# GIVEN DATA
┄┄┄┄┄┄

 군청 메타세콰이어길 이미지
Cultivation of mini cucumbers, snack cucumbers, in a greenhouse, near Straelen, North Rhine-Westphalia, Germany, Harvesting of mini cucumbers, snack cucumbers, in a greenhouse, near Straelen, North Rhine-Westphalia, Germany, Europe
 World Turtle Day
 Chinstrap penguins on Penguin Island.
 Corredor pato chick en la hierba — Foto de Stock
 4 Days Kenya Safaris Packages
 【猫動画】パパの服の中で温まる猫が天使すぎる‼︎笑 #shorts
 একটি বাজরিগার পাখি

┄┄┄┄┄┄

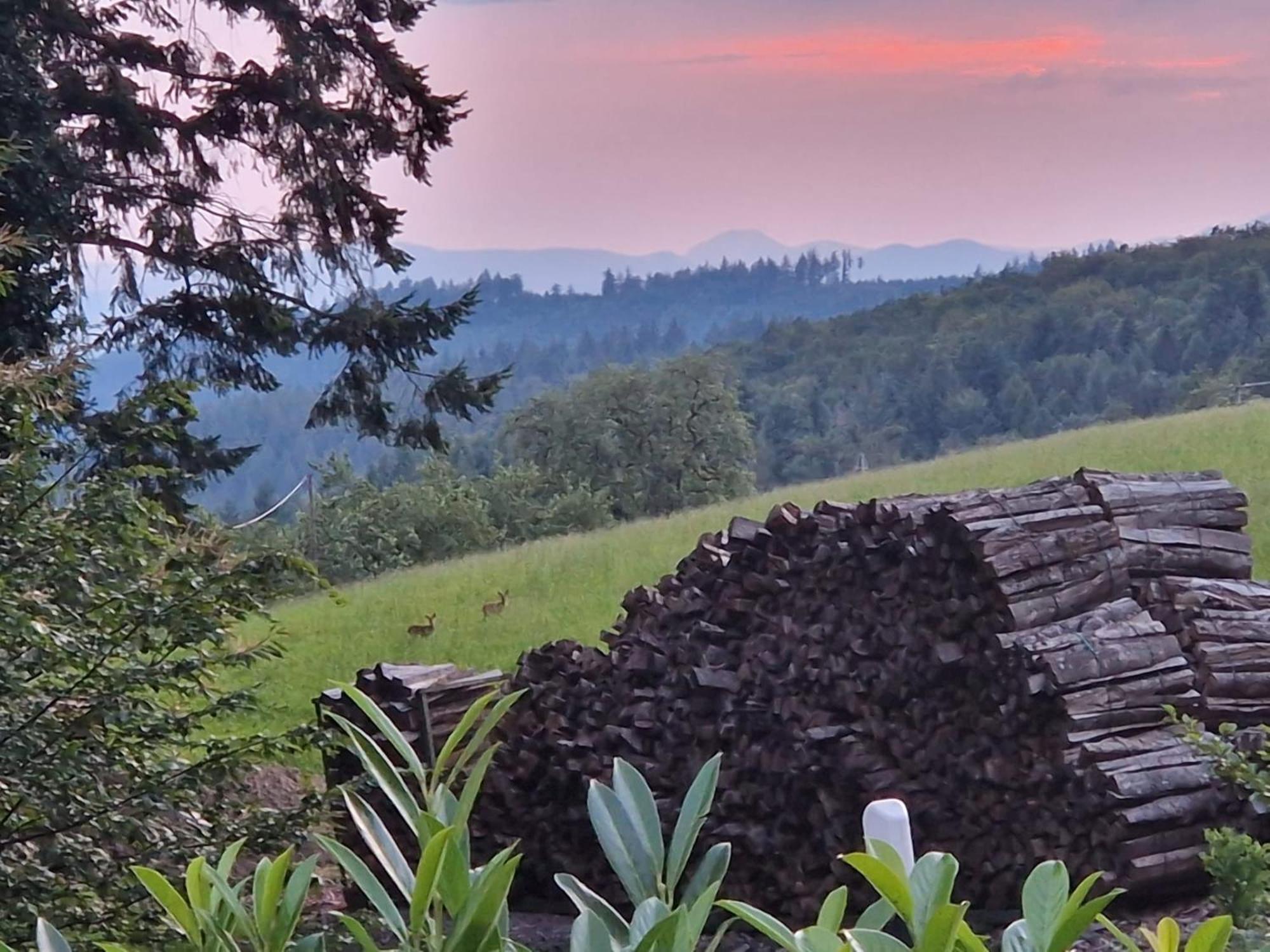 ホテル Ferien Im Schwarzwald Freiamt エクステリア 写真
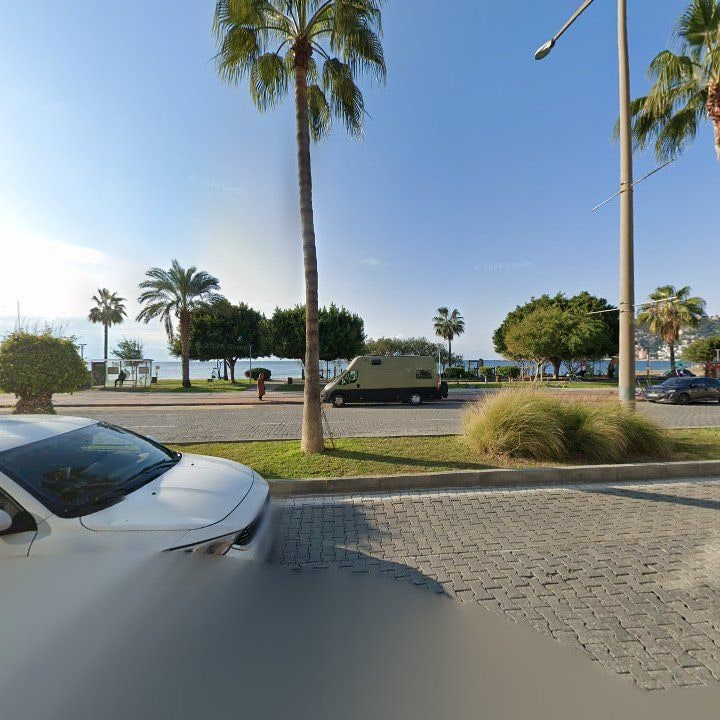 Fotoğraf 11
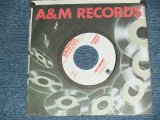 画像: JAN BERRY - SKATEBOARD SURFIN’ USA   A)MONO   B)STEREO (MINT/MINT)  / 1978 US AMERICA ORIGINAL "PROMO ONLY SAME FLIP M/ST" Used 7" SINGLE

┄┄┄┄┄┄

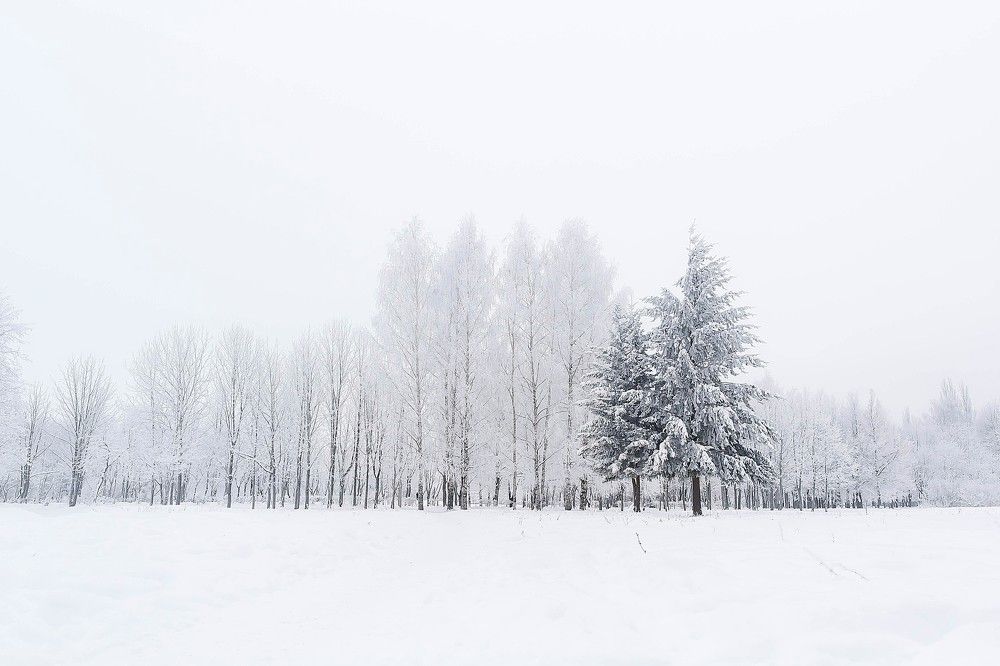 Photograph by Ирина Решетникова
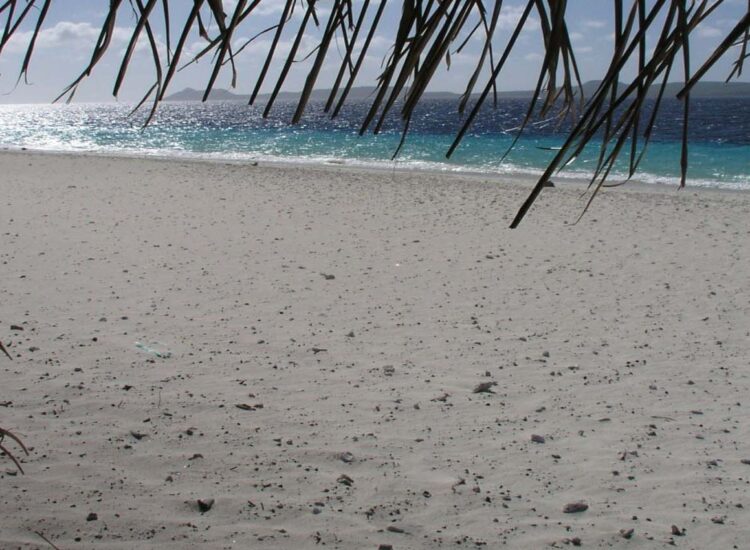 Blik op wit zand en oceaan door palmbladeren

┄┄┄┄┄┄

# WHAT YOU HAVE TO DO
Set down again, word for word, the stretch of records from the line with "군청 메타세콰이어길 이미지" to the line with "একটি বাজরিগার পাখি", both of those lines included.

# ANSWER
 군청 메타세콰이어길 이미지
Cultivation of mini cucumbers, snack cucumbers, in a greenhouse, near Straelen, North Rhine-Westphalia, Germany, Harvesting of mini cucumbers, snack cucumbers, in a greenhouse, near Straelen, North Rhine-Westphalia, Germany, Europe
 World Turtle Day
 Chinstrap penguins on Penguin Island.
 Corredor pato chick en la hierba — Foto de Stock
 4 Days Kenya Safaris Packages
 【猫動画】パパの服の中で温まる猫が天使すぎる‼︎笑 #shorts
 একটি বাজরিগার পাখি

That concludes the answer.